Thanks, Metalmann, Well, there doesn't seem to be any visible damage, but here are some photos:

I have made a try at dis-assembly using the attached parts diagram, but the table locks (part 5) are firmly, if not locktited, in place and I assume they have to turn.  I'm worried that if I did remove the table from the base that it might not go back in good alignment, which is more important to me than the worm connect/disconnect feature.  Thoughts?


----------



## Charley Davidson

I have Benny's RT sitting on my BP right now, it is in perfect working order so I'll disassemble it and see what makes it tick:lmao:  I'll also let you know how hard it is to reassemble:lmao:


----------



## Video_man

Charley Davidson said:


> I have Benny's RT sitting on my BP right now, it is in perfect working order so I'll disassemble it and see what makes it tick:lmao: I'll also let you know how hard it is to reassemble:lmao:



That's very generous, might be a problem with that idea, I just can't put my finger on it at the moment...!:huh:


----------



## bcall2043

Charley Davidson said:


> I have Benny's RT sitting on my BP right now, it is in perfect working order so I'll disassemble it and see what makes it tick:lmao: I'll also let you know how hard it is to reassemble:lmao:



Tell me again why you would take apart my "perfect working" rotary table

Benny


----------



## Charley Davidson

bcall2043 said:


> Tell me again why you would take apart my "perfect working" rotary table
> 
> Benny



Someone hacked my account:thinking:


----------



## bollie7

I can't work out from the drawing how the worm is put in and out of mesh with the wheel. I'd assume there is some sort of eccentric in there but might be wrong.
You might be able to get the worm out without removing the table. If you remove all the worm retaining screws you might be able to wind the worm out of mesh and them remove it. Just a thought. I wouldn't think you would have any alignment problems on re-assemble if you do have to remove the table. Can you keep us informed as to your progress (with pics if possible) please? It might be very helpful to others here.
regards
bollie7


----------



## Video_man

bollie7 said:


> I can't work out from the drawing how the worm is put in and out of mesh with the wheel. I'd assume there is some sort of eccentric in there but might be wrong.

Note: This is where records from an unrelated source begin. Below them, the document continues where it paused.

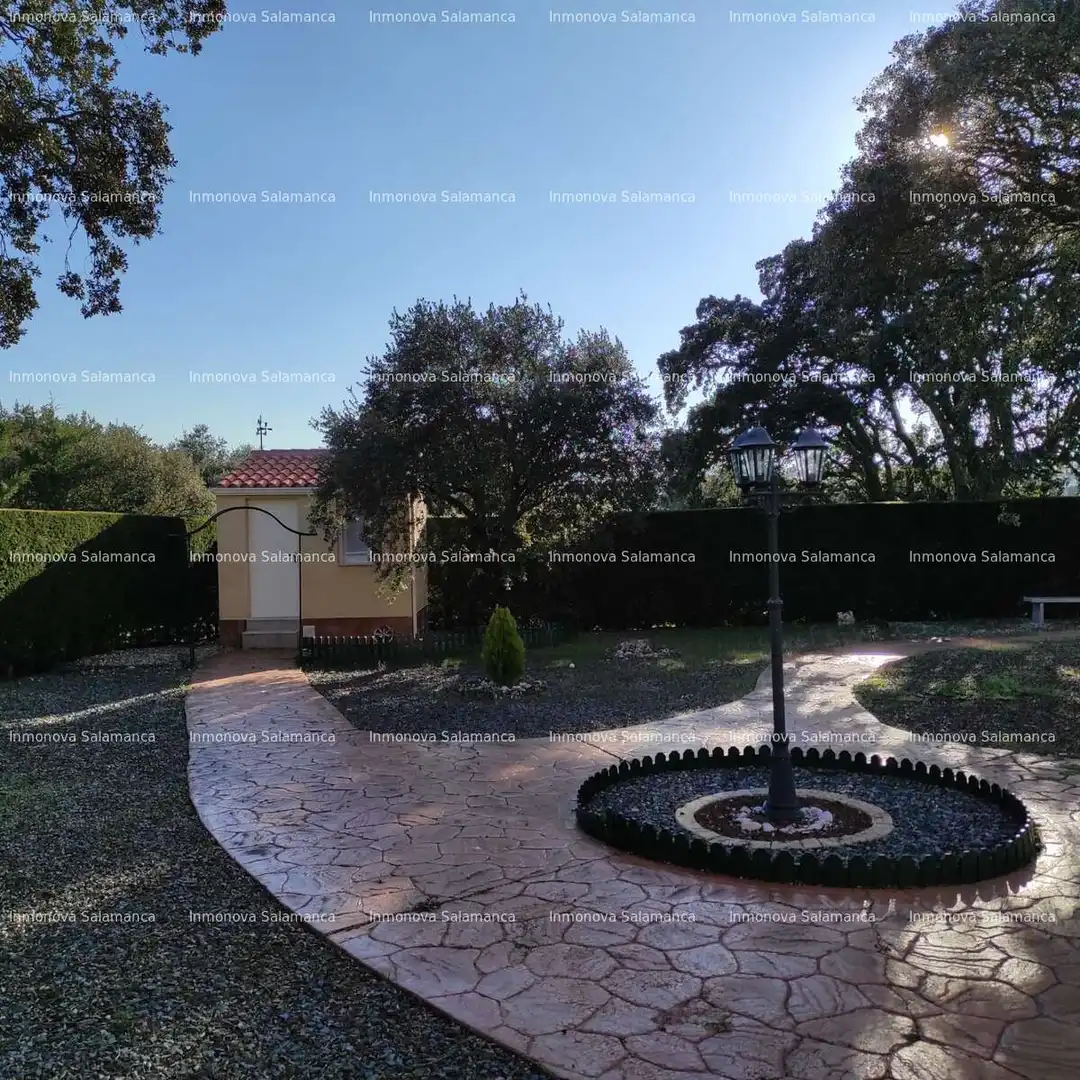 Jardín de Casa adosada en venta en Salamanca con Calefacción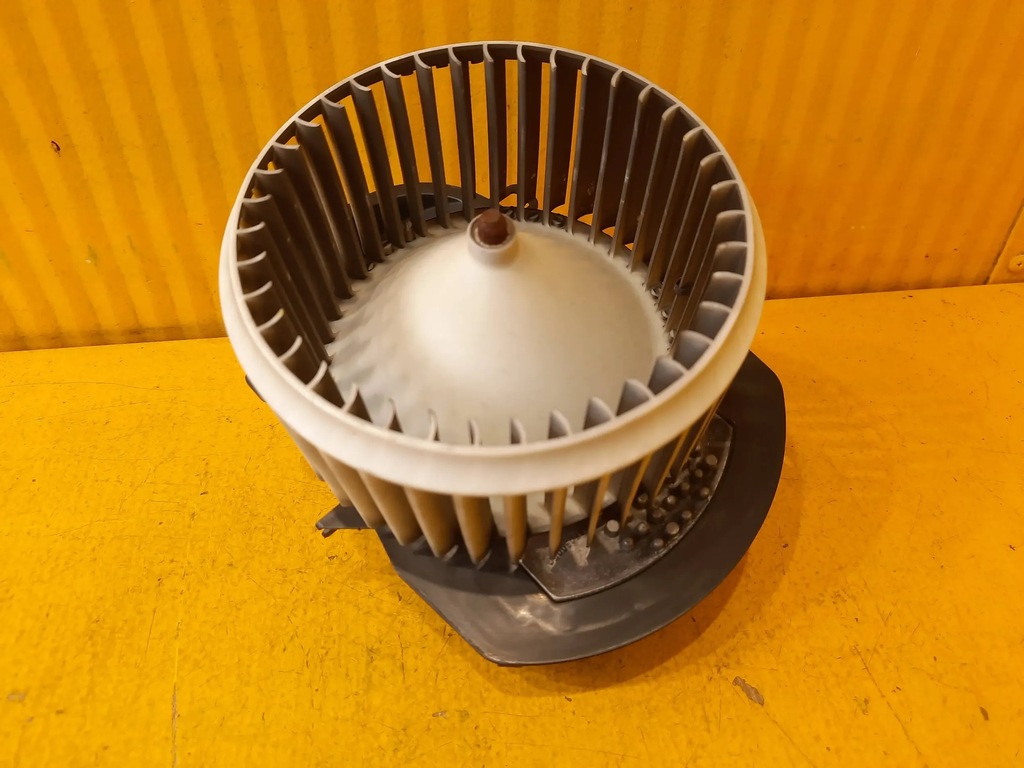 фото №1, Porsche cayenne 7p5 вентилятор вентилятор 7p0820021f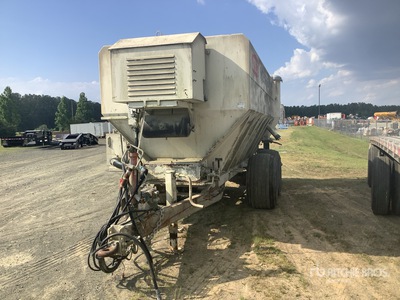 2020 Stoltz TV3W16HX T/A Soil Stabilization Spreader Trailer
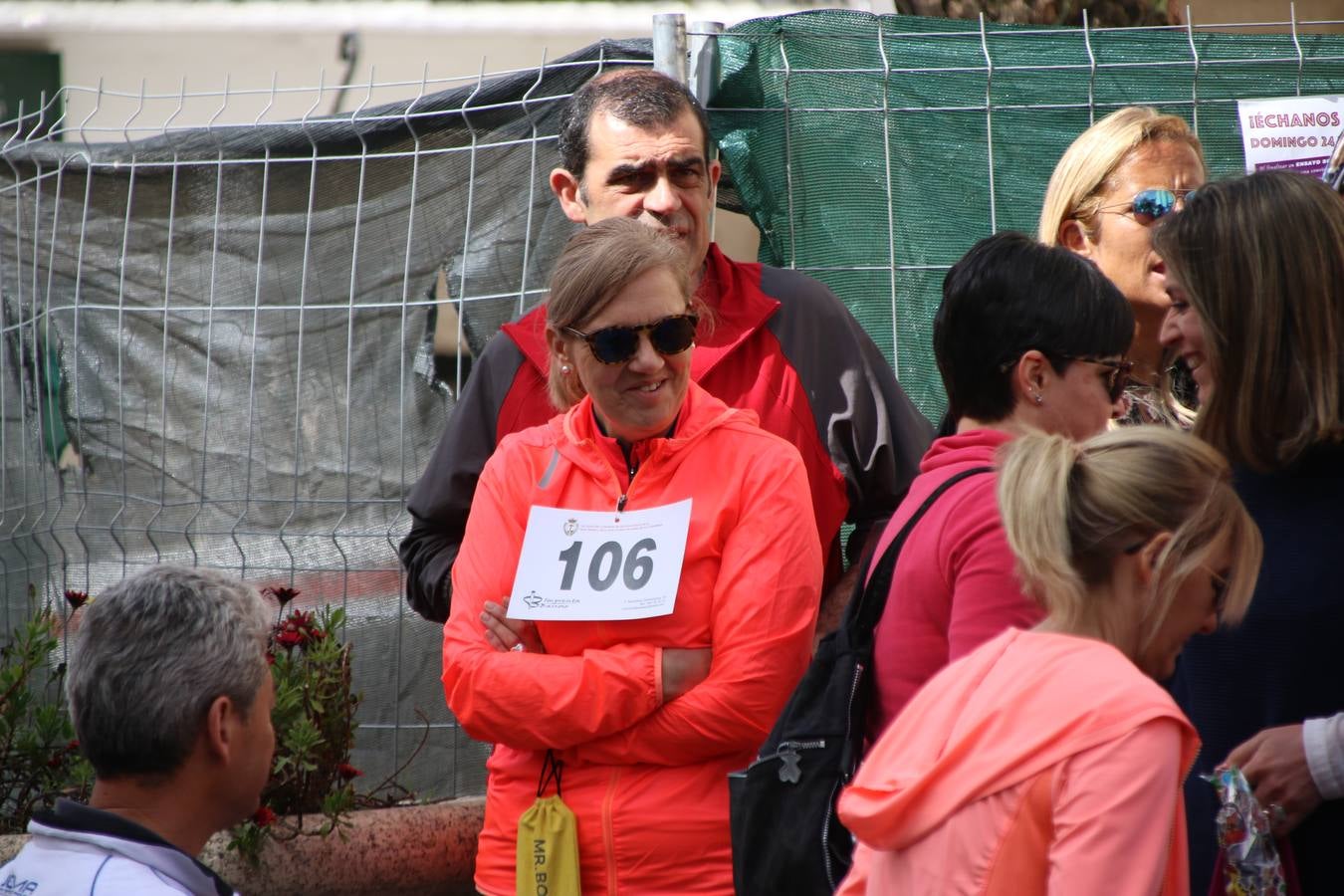 Jerez de los Caballeros celebró, ayer, la IX Carrera y Caminata Solidaria, organizada por la Junta de Cofradías de la Semana Santa Jerezana. La solidaridad y el deporte lograron recaudar 866 euros que irán destinados a Cáritas en Jerez.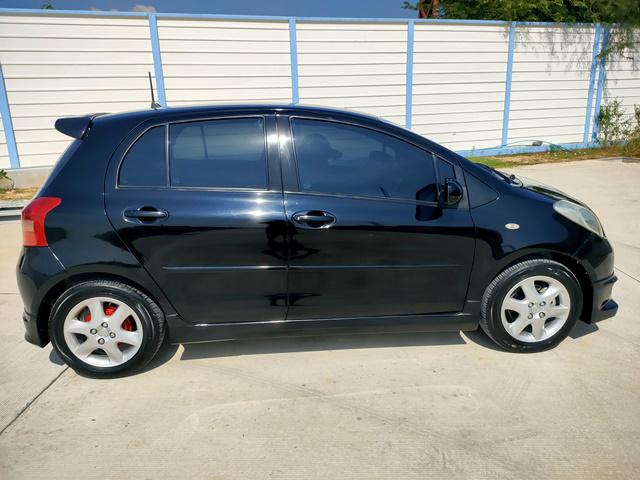 TOYOTA YARIS 2006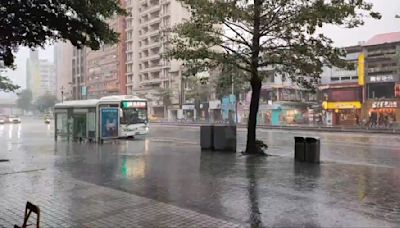 「蘇力」最快今早生成！雨彈再炸一周 上班路溼答答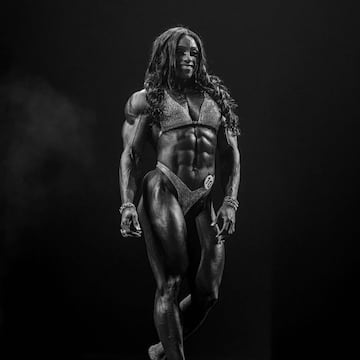 Andrea Shaw, nacida en Detroit, ha sido campeona de Ms. Olympia cinco años consecutivos (2020, 2021, 2022, 2023 y 2024).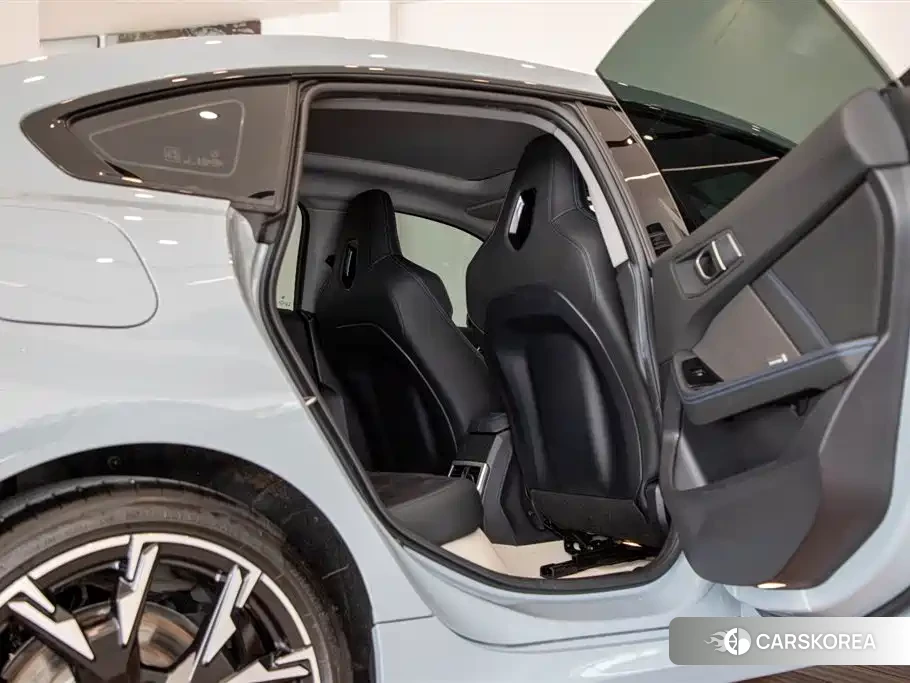 BMW 2 series id 4655125 из Китая 11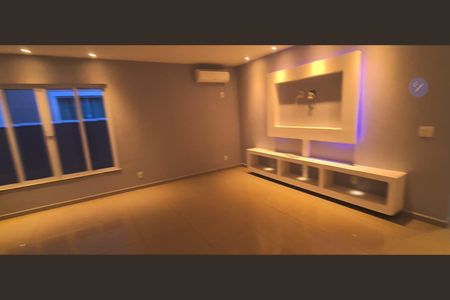 Casa de condomínio para alugar com 360m², 3 quartos e 2 vagas Casa de condomínio para alugar com 360m², 3 quartos e 2 vagasQuarto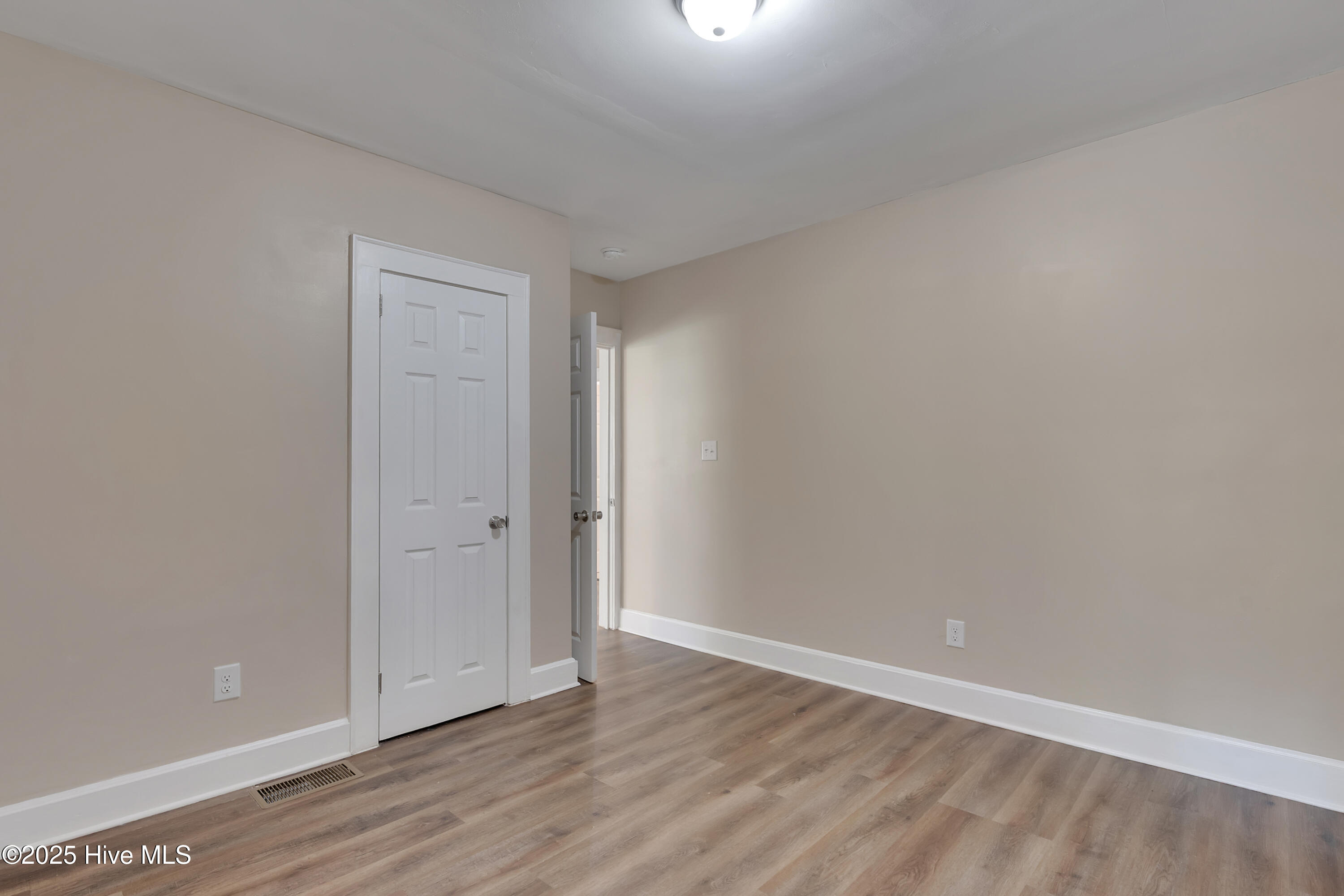 124 Parker Street Rockingham, NC 28379 - Photo 14 of 26 DSC09378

You're right, there is an eccentric, part 37 I think.  I've tried removing all the screws but the worm shaft and eccentric are retained internally as far as I can tell.  Nothing coming out through the opening behind the handwheel, although I have tried.  Thanks for the thought!


----------



## bollie7

What's item no 8? Is it an oil filler plug or a nut to retain the wormshaft? Looks like there is an O ring or washer so I'm guessing a filler plug. Is there any holes, cover plates etc on that side of the housing?
Looking at the diagram it appears that the worm and all the bits go in from the handwheel end so they should come out, but if something has broken inside then it could be a problem. 
Too bad you are so far away. I love mucking around with this sort if thing.
regards
bollie7


----------



## bollie7

I've just found a better quality drawing online with a parts listing.
http://www.phase2plus.com/manuals/H...IQFjAA&usg=AFQjCNGGfl4RhUFNlWzOJSuUXWA_Sg_ZrA

Have you removed items 28,29 & 30? Looks like item 29 (threaded pin) engages in a groove just behind the large dia section of item 37. If you haven't removed that pin, that might be what is stopping you from pulling that part  (item 37) out.
I'm not sure how the eccentric is operated to engage or disengage the worm. Item 25 looks like a clamp. 

regards
bollie7


----------



## Video_man

bollie7 said:


> I've just found a better quality drawing online with a parts listing.
> http://www.phase2plus.com/manuals/H...IQFjAA&usg=AFQjCNGGfl4RhUFNlWzOJSuUXWA_Sg_ZrA
> 
> Have you removed items 28,29 & 30? Looks like item 29 (threaded pin) engages in a groove just behind the large dia section of item 37. If you haven't removed that pin, that might be what is stopping you from pulling that part  (item 37) out.
> I'm not sure how the eccentric is operated to engage or disengage the worm. Item 25 looks like a clamp.
> 
> regards
> bollie7



Yes, thanks, I have tried removing all of those, they appear to be adjustments of some kind but don't release the worm.  The item 25 is the lever that operates the lock that locks the worm in or out of adjustment.   The eccentric is rotated by hand with the lock undone into the engaged or non-engaged position. 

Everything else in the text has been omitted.